Fellag. Je revendique ma culture berbère, qui est celle de mes origines, tout en me sentant un artiste profondément algérien. Je suis révolté et je dénonce très fortement le jeu du pouvoir qui a écrasé une partie de la population et laissé pourrir la situation en Kabylie depuis deux ans. Pour cette raison, je ne veux pas participer à cette Année de l'Algérie en France, ce qui m'a amené à refuser une importante subvention pour monter ce spectacle. Mais l'accepter, cela aurait été comme trahir mes convictions. Je préfère rester un artiste libre et populaire.

Comment expliquez-vous votre phénoménal succès (250 000 spectateurs pour Un bateau pour l'Australie), alors que vous parlez principalement d'un pays, l'Algérie, en pleine tragédie depuis dix ans?
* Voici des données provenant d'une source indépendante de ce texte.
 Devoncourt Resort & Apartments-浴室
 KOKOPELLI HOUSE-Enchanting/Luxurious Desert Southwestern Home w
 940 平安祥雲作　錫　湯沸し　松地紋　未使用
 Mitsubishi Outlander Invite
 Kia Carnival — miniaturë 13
Fellag. J'aborde des problèmes à propos desquels d'autres artistes hésitent à faire rire le public. Je crois que je touche là où ça coince et, moi, j'arrive pour décoincer. Je le fais avec de l'amour et le maximum de sincérité. Alors les gens me pardonnent, même si parfois c'est un rire de gêne que j'entends. Il y a aussi heureusement des rires libérateurs, des rires thérapeutiques, dont les gens ont besoin et qu'ils viennent trouver dans mes spectacles, si j'en crois ce qu'ils me disent.

Vous-même, avez-vous le cœur à rire en ce moment?
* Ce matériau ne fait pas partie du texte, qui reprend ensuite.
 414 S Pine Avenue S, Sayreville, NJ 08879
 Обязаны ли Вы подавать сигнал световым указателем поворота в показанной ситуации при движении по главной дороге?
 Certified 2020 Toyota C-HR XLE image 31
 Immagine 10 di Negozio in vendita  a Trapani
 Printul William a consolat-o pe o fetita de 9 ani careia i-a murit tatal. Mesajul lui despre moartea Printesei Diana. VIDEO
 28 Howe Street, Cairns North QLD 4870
Fellag. Le rire fait partie de l'être humain. On rit même pendant la guerre. Le soldat qui tue pendant la journée, le soir boit des bières en rigolant. Les victimes aussi rient : le rire, l'humour, c’est ce qui a permis aussi aux Algériens de tenir le coup ces dix dernières années. Ce n'est pas le rire du soldat que je vais traiter dans l'Opéra d'Casbah, mais le rire comme moyen de raconter des histoires tragiques ou certains comportements de l'être humain. Si j'étais là pour me moquer ou pour rire des autres en les dévalorisant, ce serait indécent et j'aurais arrêté depuis bien longtemps. Le rire a toujours été pour moi un véhicule. Lorsque j'ai utilisé le rire pour écrire des spectacles à Alger en pleine tragédie, je crois que j'ai été utile à mes compatriotes. La preuve, ce sont eux qui m'ont encouragé à continuer sur ce registre-là. Lorsqu'il y a une guerre, je souffre un peu plus que d'habitude dans mon âme d'être humain, mais le devoir de l'artiste et du poète dans cette circonstance, c'est justement, pour aider ses frères, de continuer à raconter des histoires humaines. Et je suis sûr que les spectateurs qui se réuniront chaque soir à Marseille sont des gens qui aiment le théâtre, donc la vie, et qui seront tous antiguerre.

ENTRETIEN RÉALISÉ PAR PHILIPPE JÉRÔME

(I) Du 28 mars au 11 avril à l'espace Saint-Jean du J4 à Marseille, du mardi au vendredi à 20 heures, le samedi à 20 h 30 et le dimanche à 15 heures. Durée 2 heures, avec entracte. Tarif plein: 24 euros; tarif érémistes (le soir à la caisse) 1 euro. Location: points de vente habituels et sur place. En mai et juin, à l'Opéra-Comique de Paris.